[[ Provided data, beginning ]]

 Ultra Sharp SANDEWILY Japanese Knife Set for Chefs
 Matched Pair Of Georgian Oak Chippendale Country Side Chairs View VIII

[[ Provided data, end ]]
[[ Provided data, beginning ]]

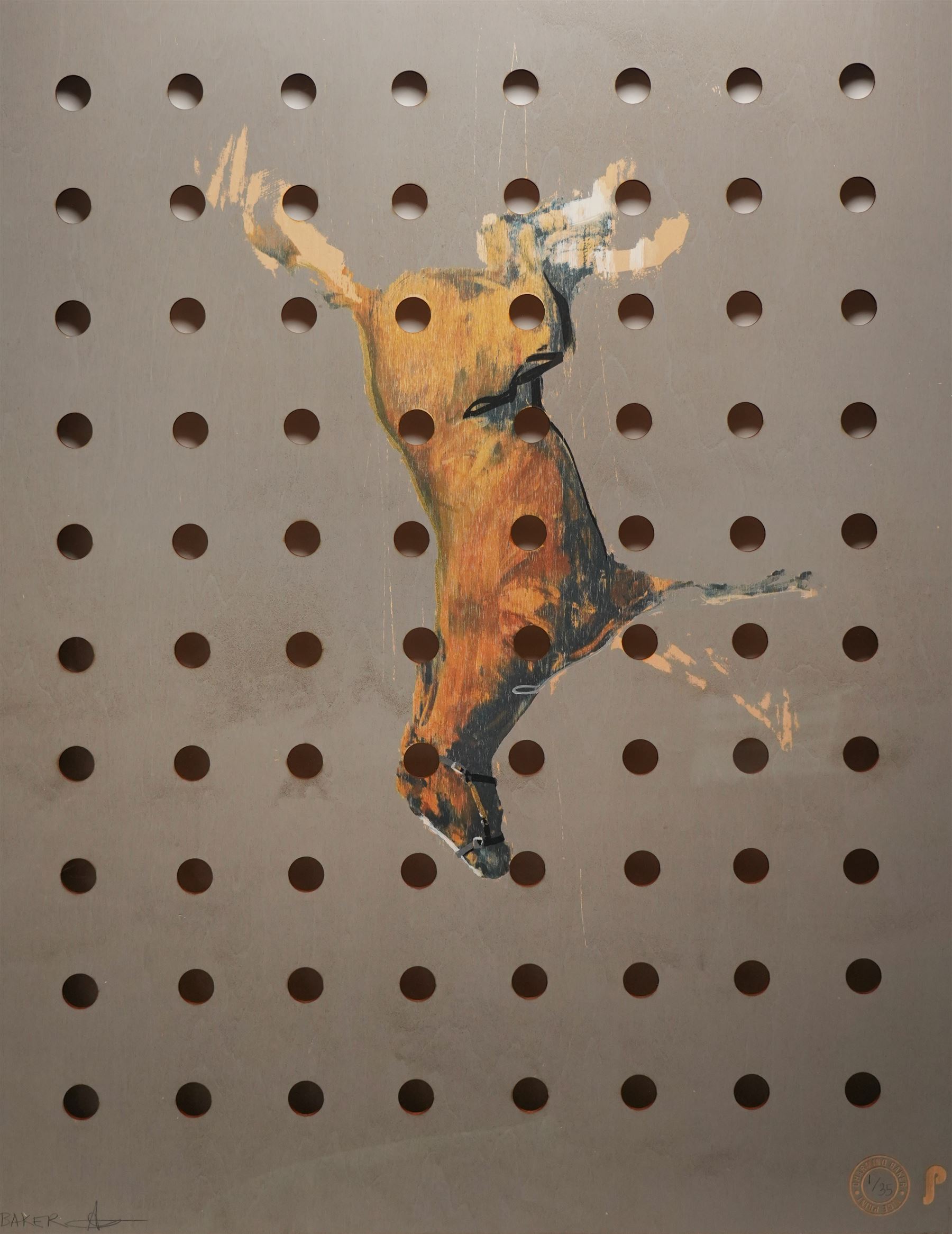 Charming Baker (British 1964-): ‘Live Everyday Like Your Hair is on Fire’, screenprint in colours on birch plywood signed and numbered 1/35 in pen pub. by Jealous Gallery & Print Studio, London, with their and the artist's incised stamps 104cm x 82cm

[[ Provided data, end ]]

Assignment
From the material above, set down exactly the lines starting at the one with "Ultra Sharp SANDEWILY" and ending at the one with "Matched Pair Of", end lines included.

Solution to this problem
 Ultra Sharp SANDEWILY Japanese Knife Set for Chefs
 Matched Pair Of Georgian Oak Chippendale Country Side Chairs View VIII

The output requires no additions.